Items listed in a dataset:
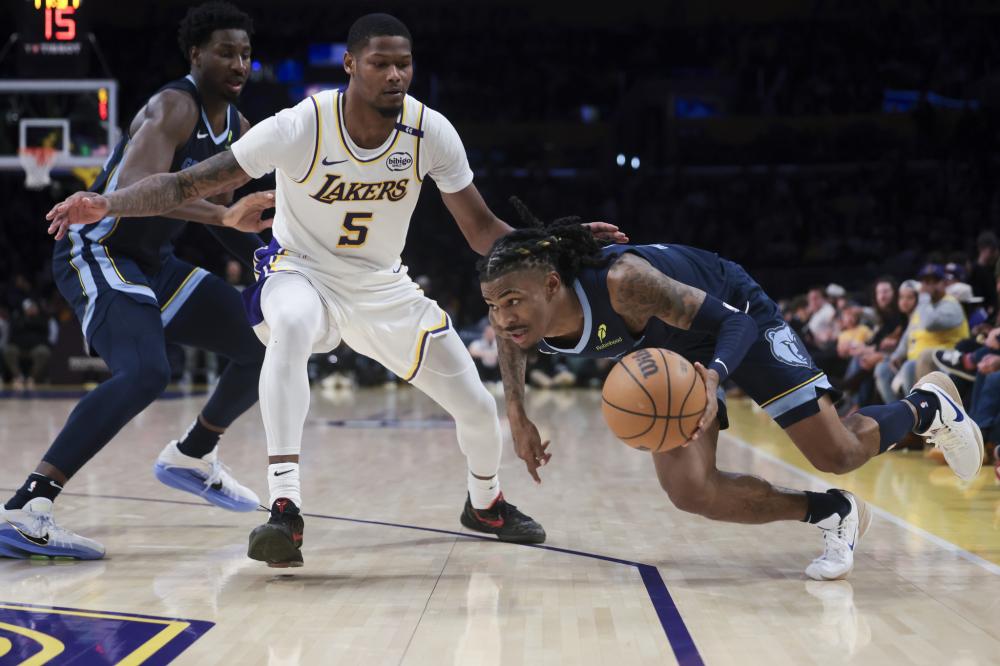 超比赛环境 超比赛环境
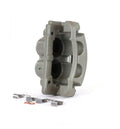 FRICTION CHOICE CALIPERS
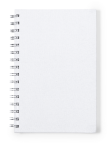 Notepad Kimberly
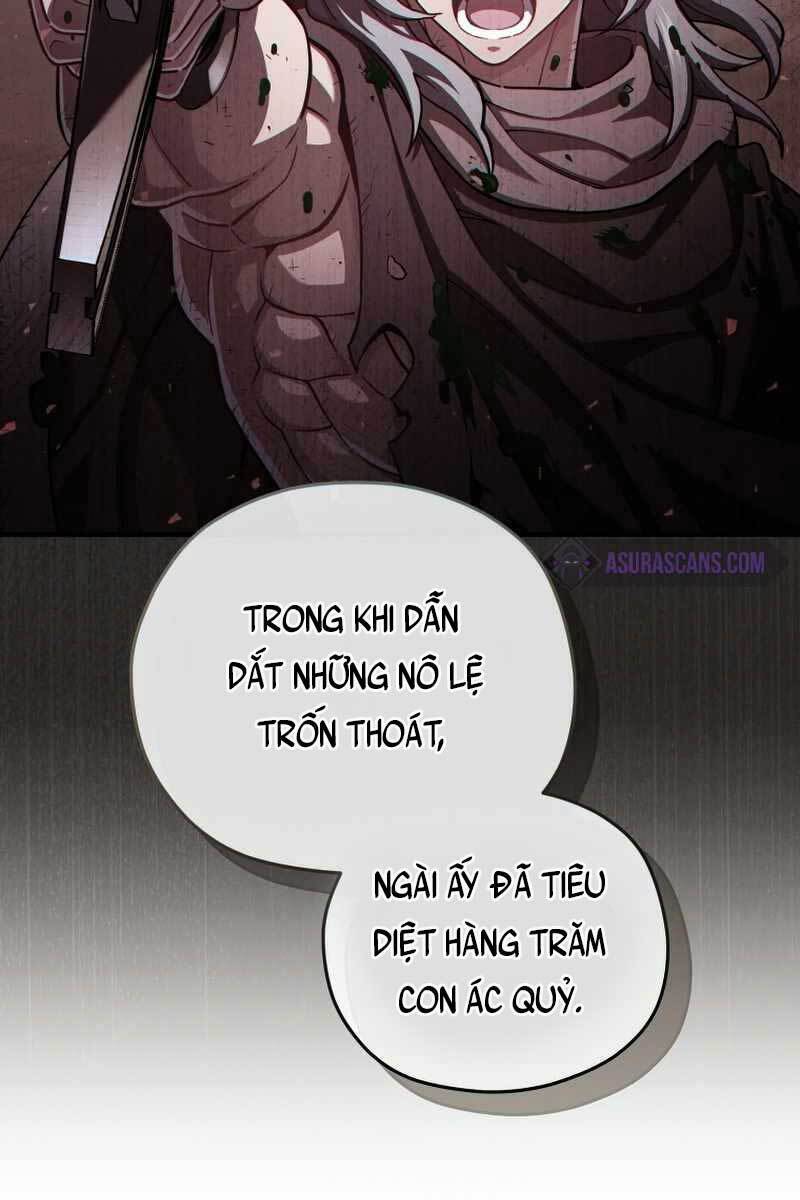 Luân Hồi Khốn Khiếp Chapter 48 - Trang 2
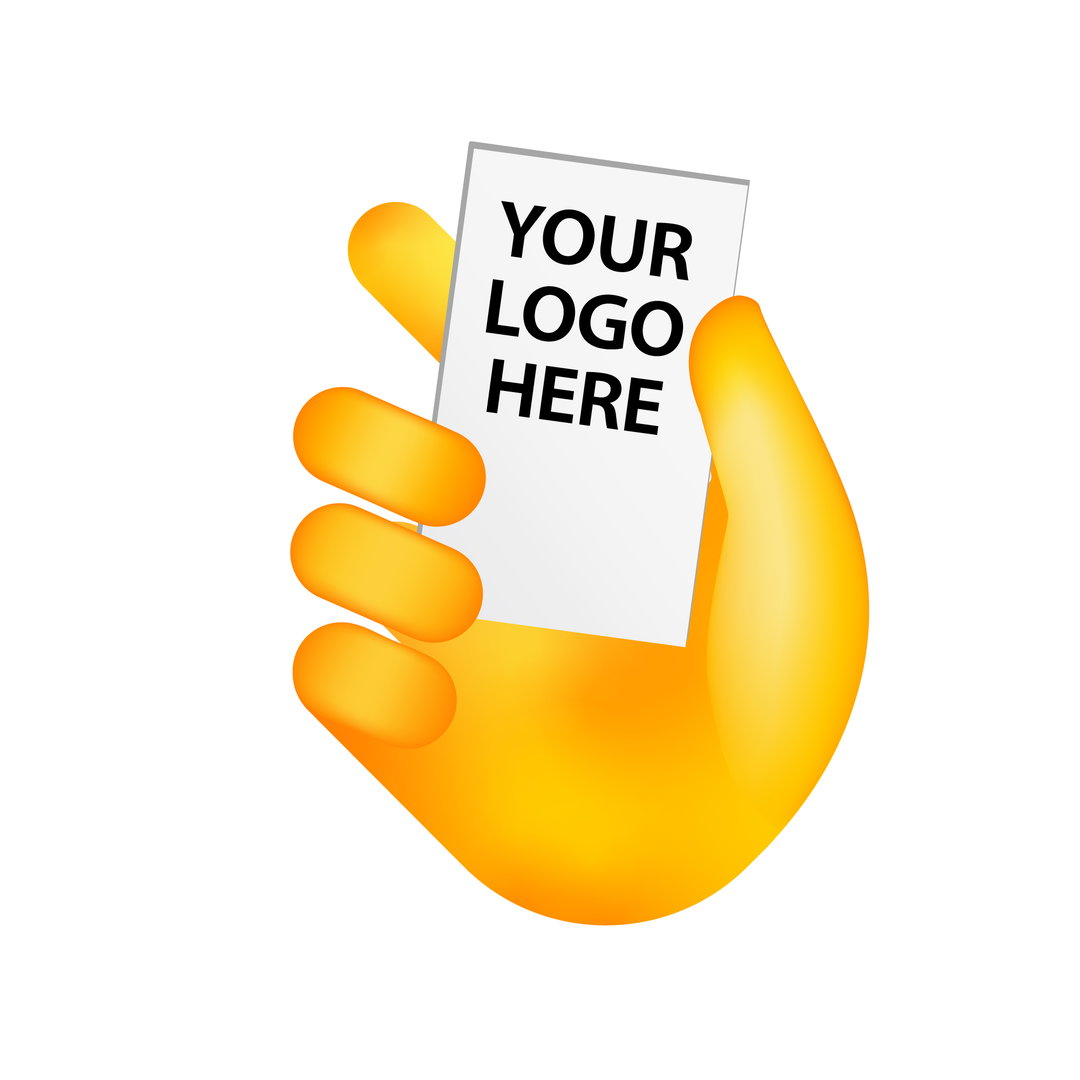 193_&Walsh_MockupCard.jpeg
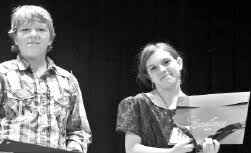 Image result for Badgercote Badminton Club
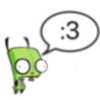 zmbigrl0_o Altpins Profile Picture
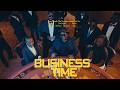 Aznas Link Ft Azma Sugu Solo Thang Maarifa Mex Moni Songa Black Queen Kala Boshoo Harley 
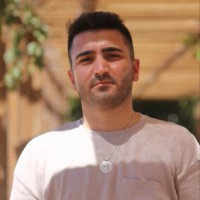 Ali Yıldız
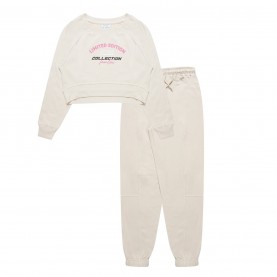 дрехи,за,училище,ученическо,облекло,детски,екипи,miso,crop,sweat,st,jn51,cream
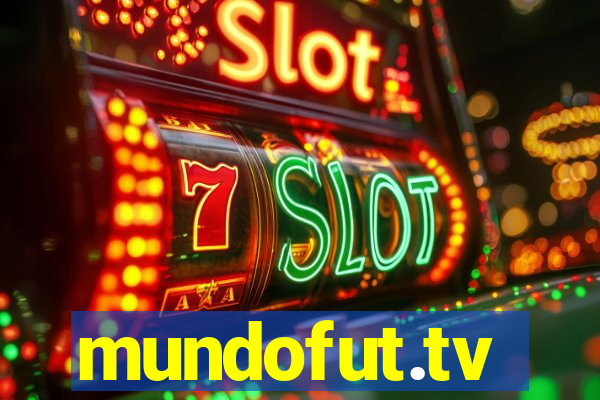 mundofut.tv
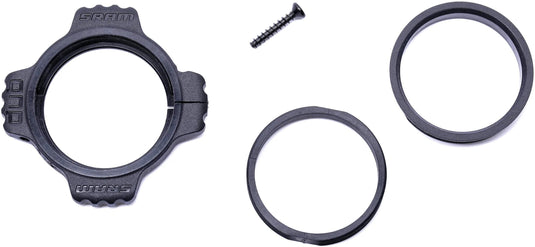 Sram lagereinstellring bearing adjusting ring ki dub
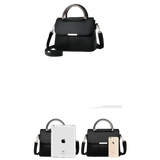 Bolsa Tote Alto Padrão | Design Elegante e Moderno
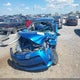 JTDKDTB30C1503791 2012 Toyota Prius C Two auction photo thumbnail 6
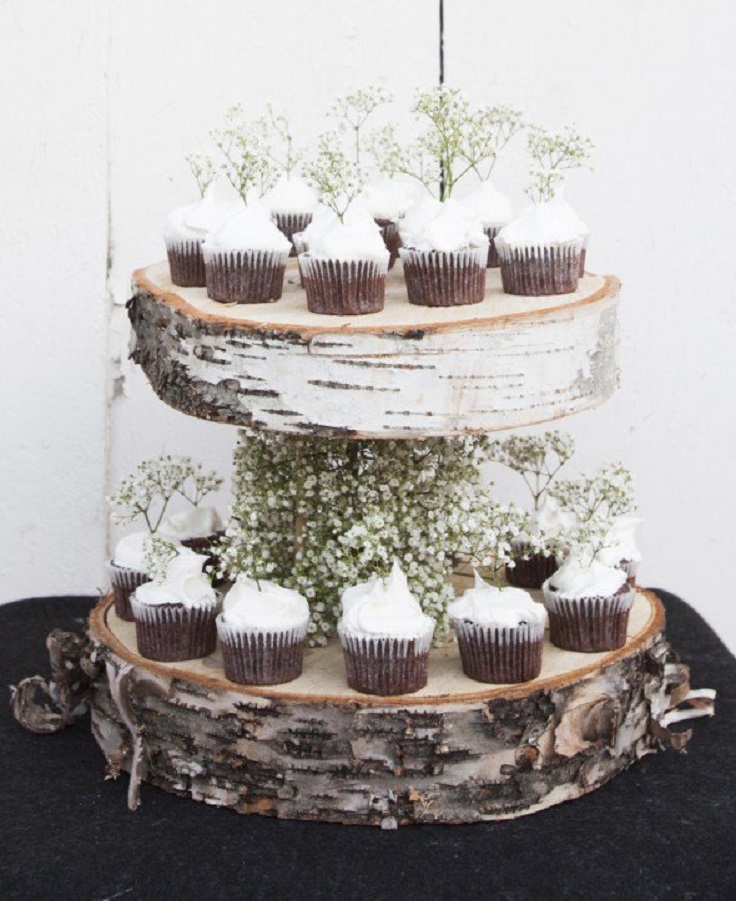 5-Floatin-Birch-Cupcake-Stand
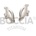 Boccia 0591-03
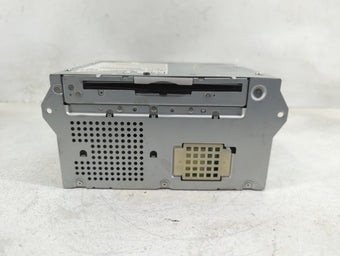 compare product 2013-2014 Nissan Pathfinder Radio AM FM Cd Player Receiver Replacement P/N:25915 3KF0D NAU-P8402USBG-C/QX-3941N-E Fits OEM Used Auto Parts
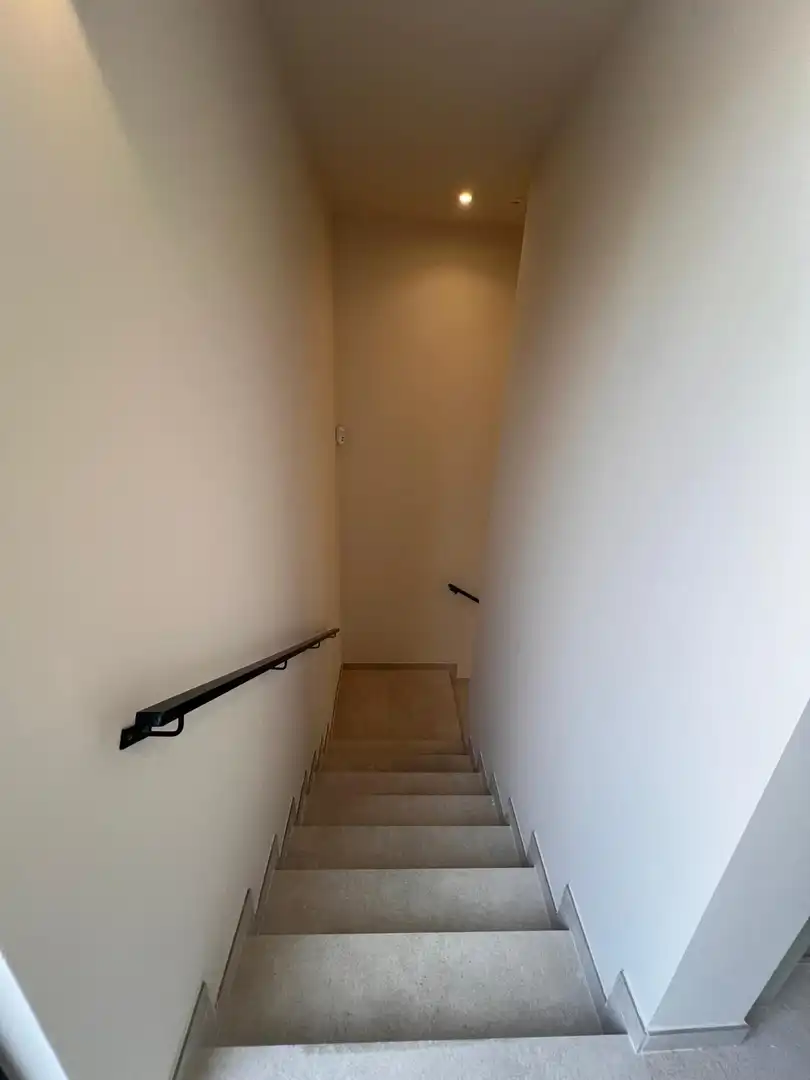 Piso con piscina en venta en Calle Calle Díaz Moreu, imagen 19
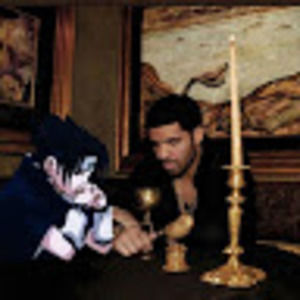 Meet your Posher, Orin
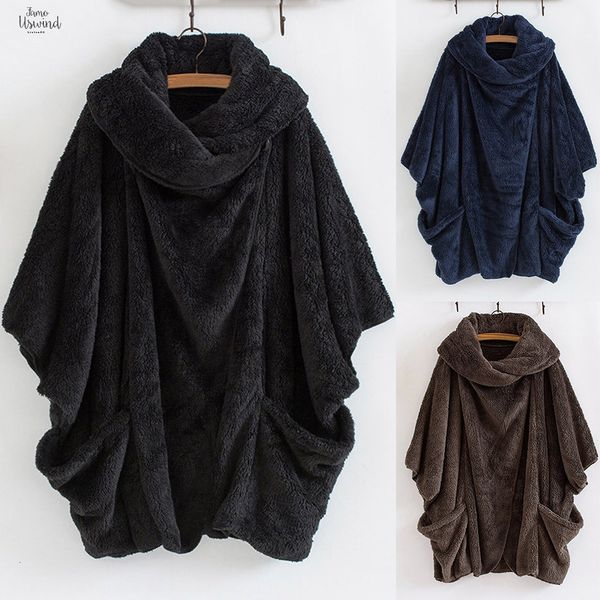 women jacket winter oversize long pocket solid plus size ladies chamarra cazadora mujer coat for girls 18oct23, Black;brown
women jacket winter oversize long pocket solid plus size ladies chamarra cazadora mujer coat for girls 18oct23, Black;brown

▸ **What to work on**: From the first line of the entries above through the line with "zmbigrl0_o Altpins Profile Picture", set down each line exactly and drop the pictures.

▸ **Your response**:
 超比赛环境 超比赛环境
 FRICTION CHOICE CALIPERS
 Notepad Kimberly
 Luân Hồi Khốn Khiếp Chapter 48 - Trang 2
 193_&Walsh_MockupCard.jpeg
 Image result for Badgercote Badminton Club
 zmbigrl0_o Altpins Profile Picture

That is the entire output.